LOUIS XV ET MADAME DE POMPADOUR - 1745-1752

 

SOURCES.

 

 

L'image de la marquise de Pompadour qui apparaît dans ce livre semblera quelque peu différente de celle qu'on est accoutumé de voir. Le récit de ses premières années à la Cour n'offre pourtant qu'une révision partielle des jugements portés sur elle ; la révision complète sera faite un jour, et peut-être ne lui sera-t-elle point défavorable. Déjà, de la publication des Mémoires et Lettres du Cardinal de Bernis, Paris, 1878, et de la belle introduction de M. Frédéric Masson, s'est dégagée, pour la première fois, une juste idée des circonstances qui ont établi ce règne de femme.
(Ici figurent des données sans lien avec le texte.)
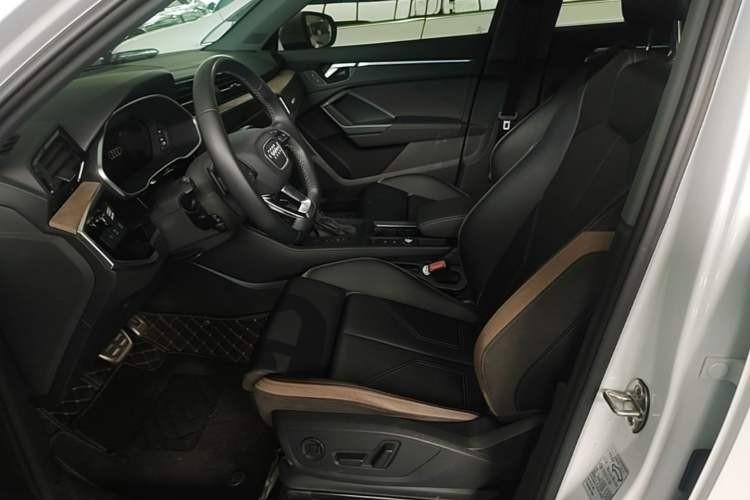 Used Audi Q3 2024 35 TFSI Stylish and Elegant Edition Left Front Seat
Les documents dont on va trouver la liste achèvent de nous renseigner.

On ne pourra, sans doute, étudier exactement la marquise dans son rôle politique que lorsqu'on possédera, par les papiers du duc de Choiseul, l'équivalent et le complément de ceux de Bernis ; mais l'histoire de la maîtresse est possible aujourd'hui, d'après des renseignements sûrs, et c'est celle que j'essaye de présenter ici.
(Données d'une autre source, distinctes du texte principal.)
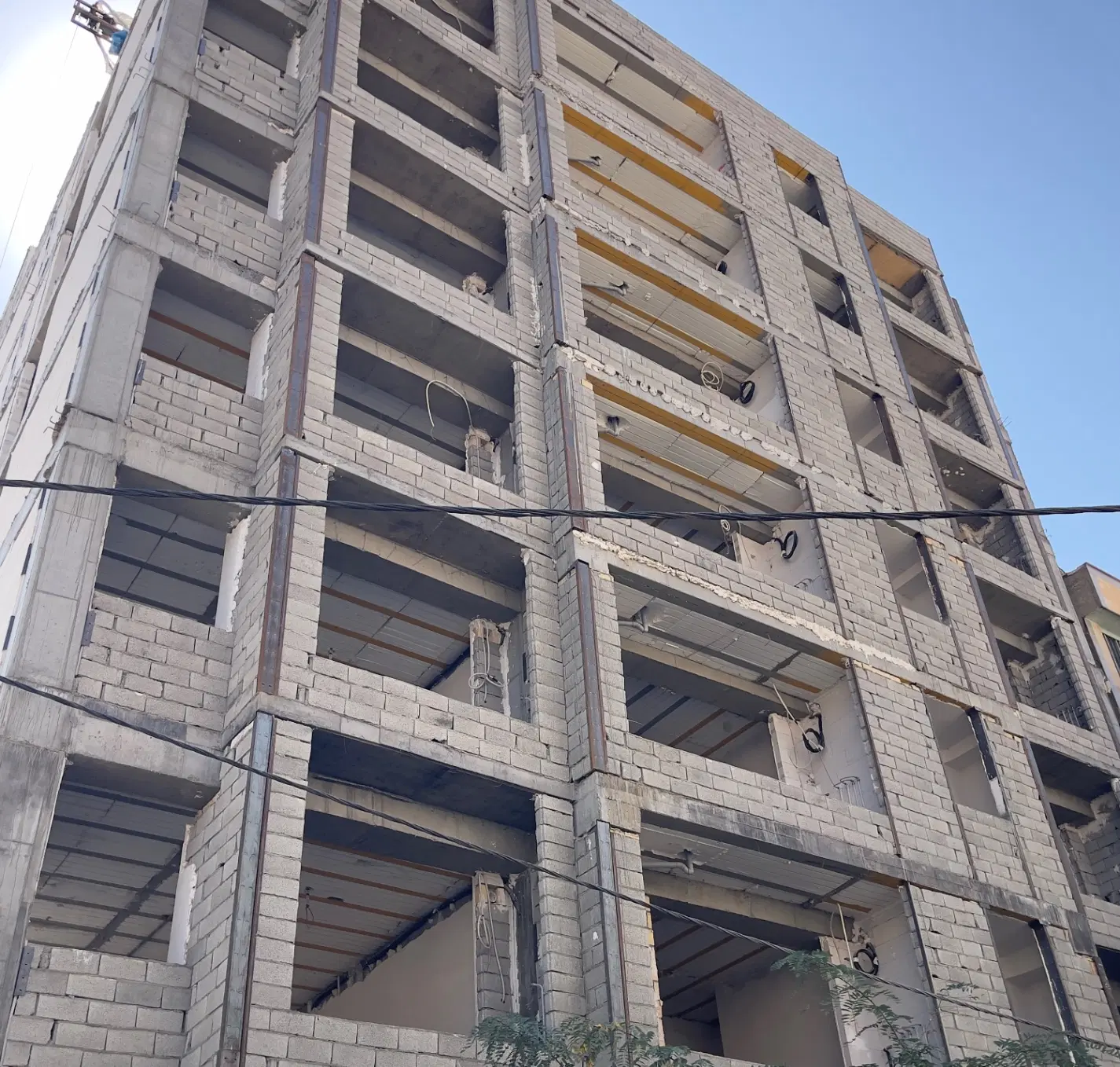96متر شبنم روبه افتاب جنوبی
L'opinion de deux siècles a été sévère pour madame de Pompadour. On l'a jugée longtemps et on la juge encore d'après les seuls témoignages de ses ennemis. Il est peu de Mémoires, par exemple, plus lus et plus cités que ceux du marquis d'Argenson ; cet ancien ministre enragé de sa disgrâce, vivant éloigné de la Cour et mal renseigné sur ce qui s'y passe, a rempli de ses anecdotes douteuses et de ses jugements aigris toute la chronique du XVIIe siècle. La marquise se trouve parmi ses principales victimes, comme elle l'est de Soulavie et de bien d'autres. Il faut l'étudier maintenant, non plus d'après les pamphlétaires ou les moralistes, mais d'après les souvenirs, lettres et journaux de ceux qui l'ont vraiment connue, qui ont vécu dans son entourage et qui peuvent seuls nous apprendre les secrets de sa vie et la raison de son pouvoir.
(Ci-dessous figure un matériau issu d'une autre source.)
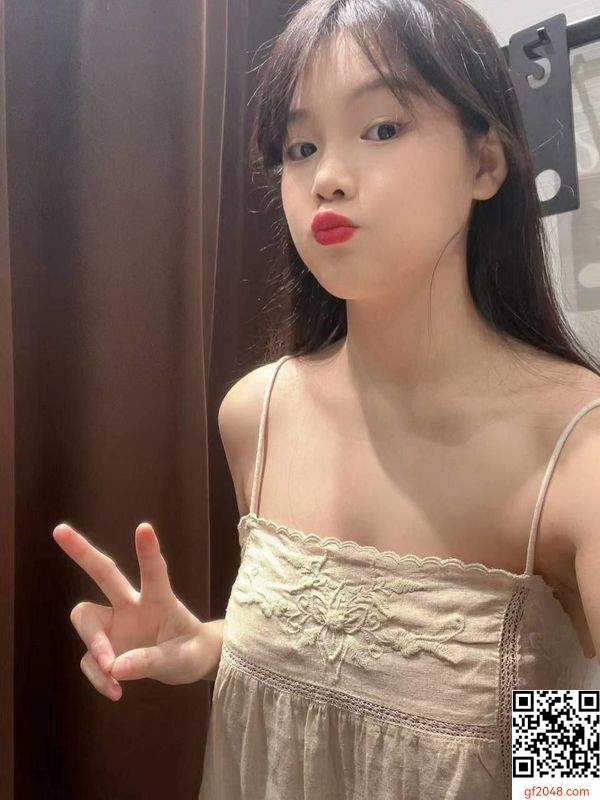 乖巧的小女朋友長的不錯，好嫩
La marquise a eu contre elle, à la fois, le parti qui ne pouvait lui pardonner la suppression de l'ordre des Jésuites, et les écrivains révolutionnaires pour qui le thème habituel des débordements de Louis XV prêtait aux plus avantageux développements. L'étude paisible des faits et des hommes réduit chaque jour une part de ces exagérations. A voir de près l'origine des accusations et à peser l'autorité des réquisitoires, on sent diminuer son indignation, et, sans vouloir le moins du monde réhabiliter des temps sans vertu, on est incliné à les expliquer plus qu'à les flétrir.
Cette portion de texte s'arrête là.